Cooking with wine can be just as sensual as sipping it. Yet, the aromas that filled my home from this simple one-pot French fare are those I only associate with winter. You don’t get to spoil yourself with beef stew in summertime, and it’s unusual you’d be slurping butternut squash soup in spring. Both of the aforementioned winter wonders are made only richer and more comforting with addition of wine. Wine is fabulous for deglazing a pan and keeping all the deliciousness of the fond (a chef’s word for the yummy brown parts that stick to the bottom) intact. Also when speaking soup, adding a ¼ cup of wine after you sweat your onions or mirepoix adds depth to the flavor and a richness you just can’t find in other liquids. While you’re used to sipping it, next time the chill is getting to you try stirring it too.

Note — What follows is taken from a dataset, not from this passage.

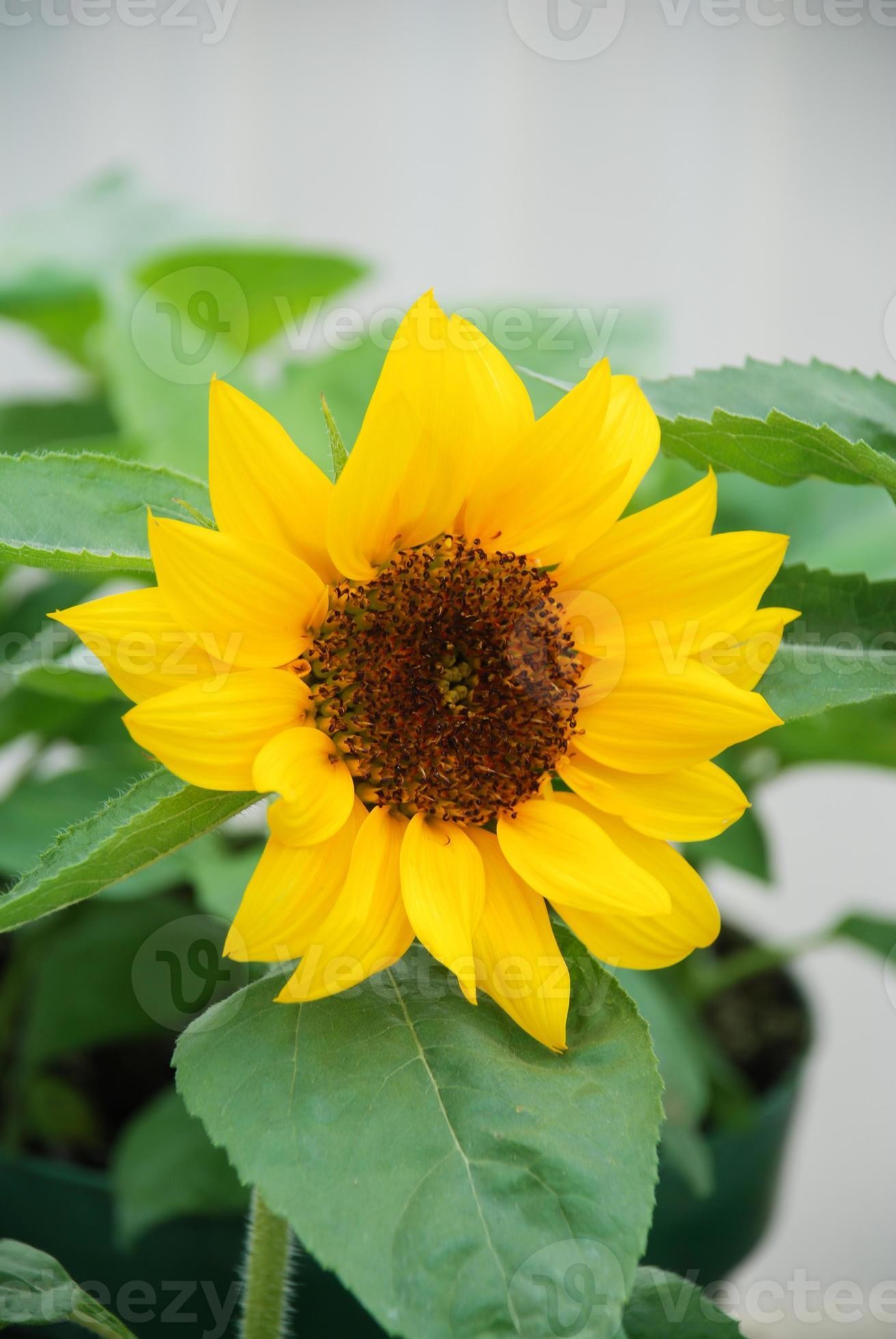Girasol Nac. Mini 60cm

Maybe you’re gearing up for Super Bowl weekend, but it’s easy to ready yourself for something simply divine like coq au vin (a.k.a. chicken and wine). Now grocery stores, like the glorious Wegman’s, make it uber easy to pick up your wine without a second trip to a specialty store. Great bargain buys end the aisles like exclamation points, offering you a chance to add a new ingredient to your typical repertoire. Maybe not on game night but one night soon, indulge in seasonal cooking. Comfort foods like Coq au Vin don’t require a culinary whiz; in fact, most one-pot wonders are suitable for even the kitchen rookie. For under $10 you can find yummy, belly warming red wines to sip and stir into your next dish. So instead of whining over the cold, enjoy the chance to warm up in the kitchen.
My Wine Find-
Vina Zaco, Tempranillo, 2006, Rioja, $9.99- A bottle for the coq au vin and a bottle to drink alongside are equally enjoyed. While Coq au Vin usually calls for Burgundy, this robust, fruity red did the trick and saved me some money. It’s true, you should only cook with what you would drink, just try to save some for the cooking!